When an axolotl loses the exuberance of its feathery gill filaments, it could be physiological or pathological. So most importantly, it best to try determine which is it first.

Physiological - When a juvenile axolotl grows up to adulthood, the gill filaments may appear less feathery. This is in part due to a visual trick whereby the relative proportion of a young shorter bodied axolotl to its gill filaments makes the gills look more exuberant compared to an adult axolotl.

The length or exuberance of the gill filaments are also determined to a large extent by the genetics of that particular axolotl. So comparinng different axolotls kept in the same tank, one with shorter filaments may still be healthy and normal.

In the other case scenario, the amount of dissolved gases (oxygen) in the water can also play a pivotal role in the amount of filament growth. In water with adequate (or even excessive) oxygenation, there is no need for the large surface area of long feathery gills. Hence the filaments may over time gradually become less feathery.
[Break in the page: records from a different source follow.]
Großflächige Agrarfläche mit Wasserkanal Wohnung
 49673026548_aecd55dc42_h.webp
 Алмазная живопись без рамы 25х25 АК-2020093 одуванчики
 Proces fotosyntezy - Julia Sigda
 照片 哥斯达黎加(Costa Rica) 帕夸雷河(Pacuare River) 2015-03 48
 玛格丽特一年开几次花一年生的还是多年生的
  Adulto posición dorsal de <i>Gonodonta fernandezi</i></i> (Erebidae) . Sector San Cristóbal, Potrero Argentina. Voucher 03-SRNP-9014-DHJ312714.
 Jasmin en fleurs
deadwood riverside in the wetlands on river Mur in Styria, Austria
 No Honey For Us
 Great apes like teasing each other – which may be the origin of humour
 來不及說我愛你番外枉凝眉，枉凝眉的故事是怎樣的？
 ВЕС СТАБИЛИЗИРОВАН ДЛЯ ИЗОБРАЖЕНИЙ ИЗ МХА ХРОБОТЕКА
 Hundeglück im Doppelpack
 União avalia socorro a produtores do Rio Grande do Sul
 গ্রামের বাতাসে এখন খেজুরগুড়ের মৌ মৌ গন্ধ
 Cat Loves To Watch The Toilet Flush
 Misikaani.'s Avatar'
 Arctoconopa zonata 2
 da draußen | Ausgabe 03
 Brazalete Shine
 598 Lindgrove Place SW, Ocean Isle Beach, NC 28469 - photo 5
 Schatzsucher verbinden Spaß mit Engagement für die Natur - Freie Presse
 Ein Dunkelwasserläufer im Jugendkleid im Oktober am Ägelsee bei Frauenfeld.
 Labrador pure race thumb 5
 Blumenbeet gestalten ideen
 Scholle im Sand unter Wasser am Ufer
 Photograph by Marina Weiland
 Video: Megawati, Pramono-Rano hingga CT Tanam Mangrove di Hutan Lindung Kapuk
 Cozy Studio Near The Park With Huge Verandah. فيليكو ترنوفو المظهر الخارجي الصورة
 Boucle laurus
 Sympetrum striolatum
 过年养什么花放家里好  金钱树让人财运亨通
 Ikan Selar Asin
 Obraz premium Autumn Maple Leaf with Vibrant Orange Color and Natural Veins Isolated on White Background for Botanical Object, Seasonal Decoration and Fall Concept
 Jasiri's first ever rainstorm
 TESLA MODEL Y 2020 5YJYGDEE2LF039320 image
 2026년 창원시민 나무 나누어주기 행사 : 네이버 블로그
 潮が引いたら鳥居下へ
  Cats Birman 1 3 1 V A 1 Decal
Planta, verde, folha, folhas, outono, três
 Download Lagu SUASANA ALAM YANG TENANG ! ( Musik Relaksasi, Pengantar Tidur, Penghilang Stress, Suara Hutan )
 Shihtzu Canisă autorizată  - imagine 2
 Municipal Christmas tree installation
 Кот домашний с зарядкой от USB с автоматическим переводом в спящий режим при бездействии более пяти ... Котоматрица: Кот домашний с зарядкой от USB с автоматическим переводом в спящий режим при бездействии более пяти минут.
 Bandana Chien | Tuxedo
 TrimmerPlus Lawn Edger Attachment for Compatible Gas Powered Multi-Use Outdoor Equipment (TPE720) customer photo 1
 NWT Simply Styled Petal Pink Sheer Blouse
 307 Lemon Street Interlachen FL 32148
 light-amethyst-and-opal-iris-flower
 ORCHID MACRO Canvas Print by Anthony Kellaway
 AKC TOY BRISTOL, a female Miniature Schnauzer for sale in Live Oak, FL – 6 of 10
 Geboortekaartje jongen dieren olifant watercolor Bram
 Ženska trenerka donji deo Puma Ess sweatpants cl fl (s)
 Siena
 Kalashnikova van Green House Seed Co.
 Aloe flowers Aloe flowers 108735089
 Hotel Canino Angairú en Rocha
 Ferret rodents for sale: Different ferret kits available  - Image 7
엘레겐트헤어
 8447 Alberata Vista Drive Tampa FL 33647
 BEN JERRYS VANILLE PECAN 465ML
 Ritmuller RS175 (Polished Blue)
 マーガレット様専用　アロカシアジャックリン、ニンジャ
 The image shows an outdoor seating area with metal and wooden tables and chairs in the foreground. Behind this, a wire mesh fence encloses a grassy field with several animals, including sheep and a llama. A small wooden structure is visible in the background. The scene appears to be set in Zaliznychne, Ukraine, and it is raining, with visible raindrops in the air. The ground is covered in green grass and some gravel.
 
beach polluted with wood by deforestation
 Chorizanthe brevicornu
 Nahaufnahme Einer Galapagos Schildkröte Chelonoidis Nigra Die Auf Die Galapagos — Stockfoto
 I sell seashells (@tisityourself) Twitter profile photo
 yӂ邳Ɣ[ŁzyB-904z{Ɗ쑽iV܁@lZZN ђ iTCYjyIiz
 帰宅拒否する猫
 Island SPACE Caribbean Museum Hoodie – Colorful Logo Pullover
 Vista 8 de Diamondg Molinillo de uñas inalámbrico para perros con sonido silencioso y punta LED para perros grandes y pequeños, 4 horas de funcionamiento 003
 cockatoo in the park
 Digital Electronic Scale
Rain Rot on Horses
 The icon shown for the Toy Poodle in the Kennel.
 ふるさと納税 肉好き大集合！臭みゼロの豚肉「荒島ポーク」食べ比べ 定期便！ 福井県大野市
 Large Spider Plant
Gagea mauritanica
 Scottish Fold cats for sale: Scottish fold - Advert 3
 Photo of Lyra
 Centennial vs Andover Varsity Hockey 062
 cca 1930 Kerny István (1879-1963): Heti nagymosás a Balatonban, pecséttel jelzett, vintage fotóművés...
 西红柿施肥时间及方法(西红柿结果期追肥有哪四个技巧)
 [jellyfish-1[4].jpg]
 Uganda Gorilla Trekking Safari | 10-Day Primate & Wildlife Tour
In the abovementioned cases, despite the shorter filaments, the axolotl is still healthy and there is no cause for concern.

At the other end of the spectrum, gill filament loss can be due to pathology. This is the one you have to watch out for.

Pathology - Poor water conditions/parameters. If your tank water has high levels of nitrogenous wastes especially ammonia and nitrite, there is a risk of causing trauma and chemical insult to the axolotl's gills. This would cause gill damage and shrinkage. Although axolotls can tolerate a relatively large range of pH. Some literature suggests that excessively low pH can too impact on gill health.

To rectify this - monitor water conditions and perform regular water changes.

Pathology - Any opportunistic infection by microbes such as fungus, bacteria, protozoa, parasites etc can cause a branchitis whereby the gills shrink and become deformed. There is normally other accompanying signs such as inappetance, abnormal behaviour, visible mass growths or discolouration associated with these.

To rectify this - You would need to determine the exact cause and then administer appropriate treatment. You may like to post a photo of the affected gills.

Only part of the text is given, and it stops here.